Com o tempo a historinha pegou de tal maneira que caiu no domínio público. Não é de ninguém. Ainda agora vejo-a citada pelo Austregésilo de Athayde. Mais velho do que este século 20, o Austregésilo é um otimista empedernido. Só perdeu a serenidade; e com todíssima razão, quando veio aquela bobagem do bloqueio dos cruzados. Isso não se faz, disse ele, exaltado. E não se faz mesmo. Mas se fez, porque no Brasil lei é como vacina. O mesmo Austregésilo lembra a propósito uma outra frase que ajuda a definir a nossa querida pátria.

Mais antiga, foi o Metternich quem disse, quando soube que Pedro 1º tinha proclamado a nossa independência. “O Brasil é um país em que todos mandam e ninguém obedece”, sentenciou o autoritário chanceler austríaco (que o Kissinger quis imitar). Otimista, apesar de tudo, o Austregésilo aposta que o Brasil dentro de 50 anos não só estará entre as grandes potências, como será a maior de todas. Eta ferro! E ele estará firme aí para saudar esse tempo grandioso.

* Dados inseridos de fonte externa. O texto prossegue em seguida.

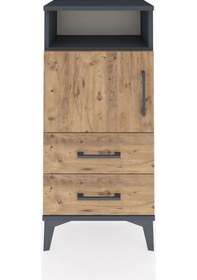 Resim Arges Komodin 2 Raflı 2 Çekmeceli Tek Kapaklı 44x30x96 Antras... Antrasit 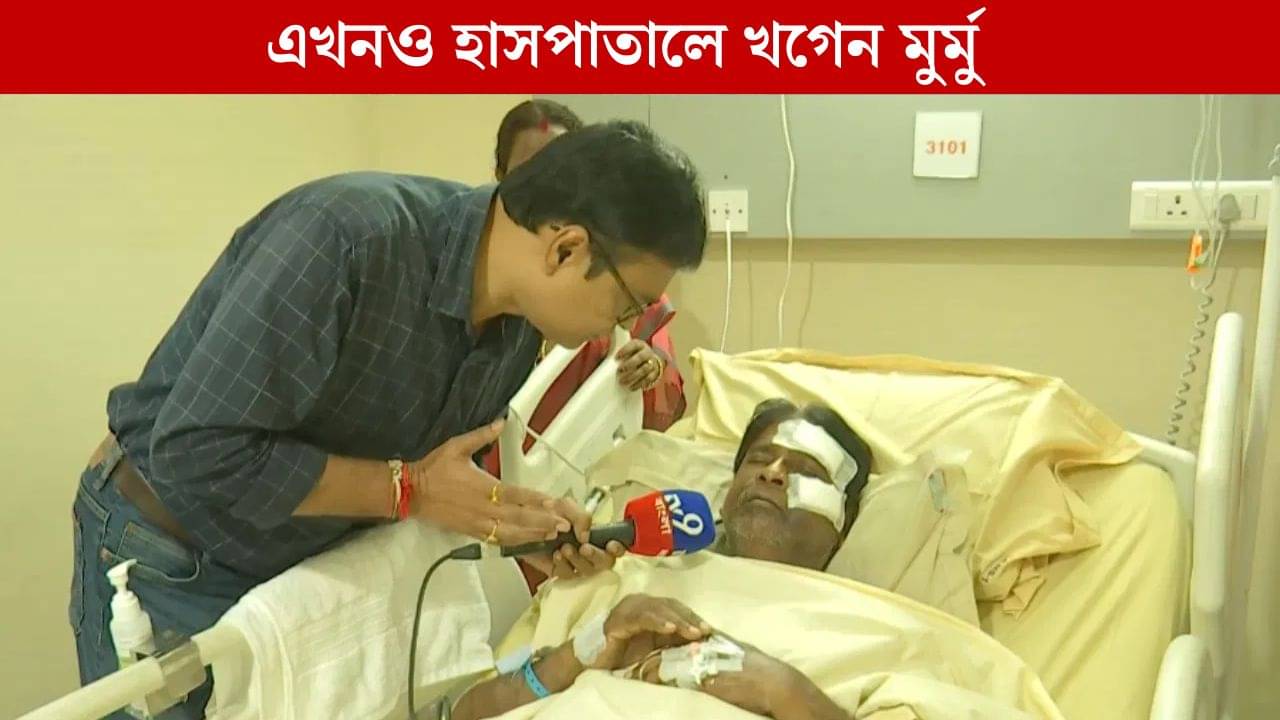 Khagen Murmu: খুনের চেষ্টার মামলা হয়নি, খগেন মুর্মু মামলায় সওয়াল আইনজীবীদের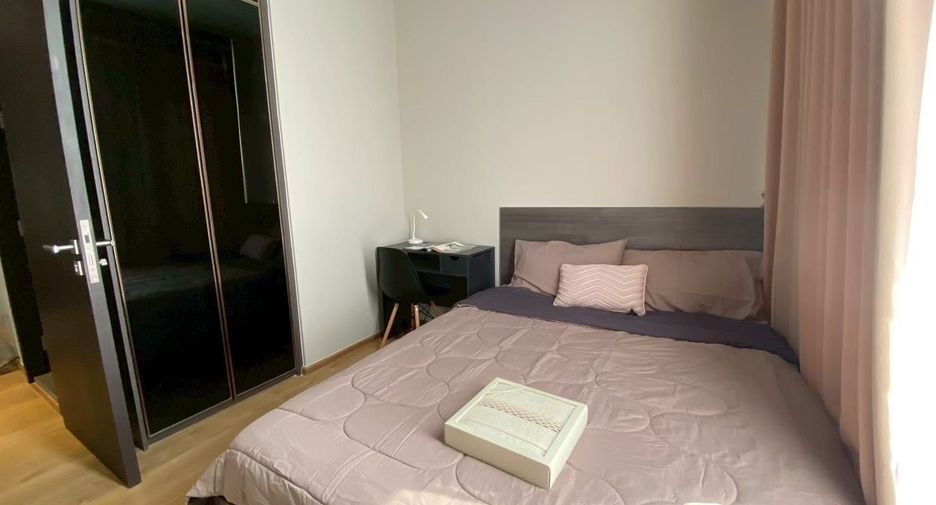 Condo en alquiler de 2 habitaciones en Watthana, Bangkok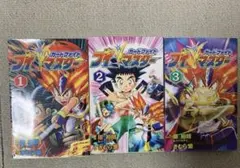 ボンボンKC　カードファイトVマスター全３巻セット　特典カード・帯付き 状態極上 ☆希少☆『カードファイト Vマスター』 全3巻セット【特製レアカード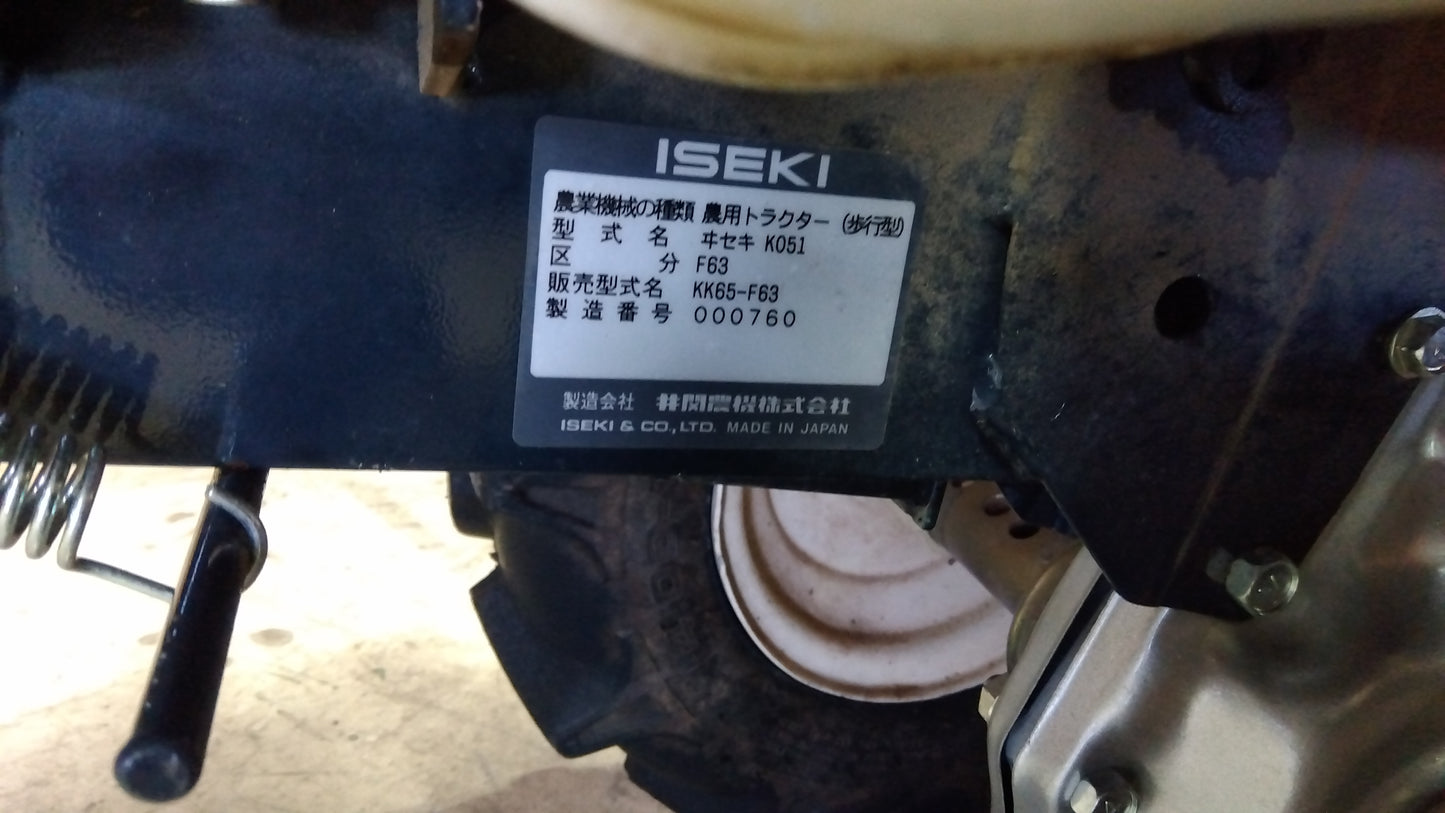 イセキ　中古イセキ中型管理機Easy可変ウネマルチセット仕様　KK65＋MSF15EZ1【山形店9960】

Digam o que disserem, o Brasil é de fato um país legal. “Legal” no sentido coloquial que tem hoje esta palavra. Quando uma coisa é boa, dizemos que é legal, mesmo que seja contra a lei. Um país que injeta cocaína em balas da porta dos colégios é ou não é legal? Estão vendendo saguim oxigenado como se fosse mico-leão dourado. Legal! O cruzeiro não vale nada e você cobra o preço que quiser. Legalzinho. Tudo aqui é o maior barato. Legal, não é? Sabemos curtir a vida. Aqui ninguém precisa de lei. Aliás, nem de vacina. Fu! Fu! Fora o emendão!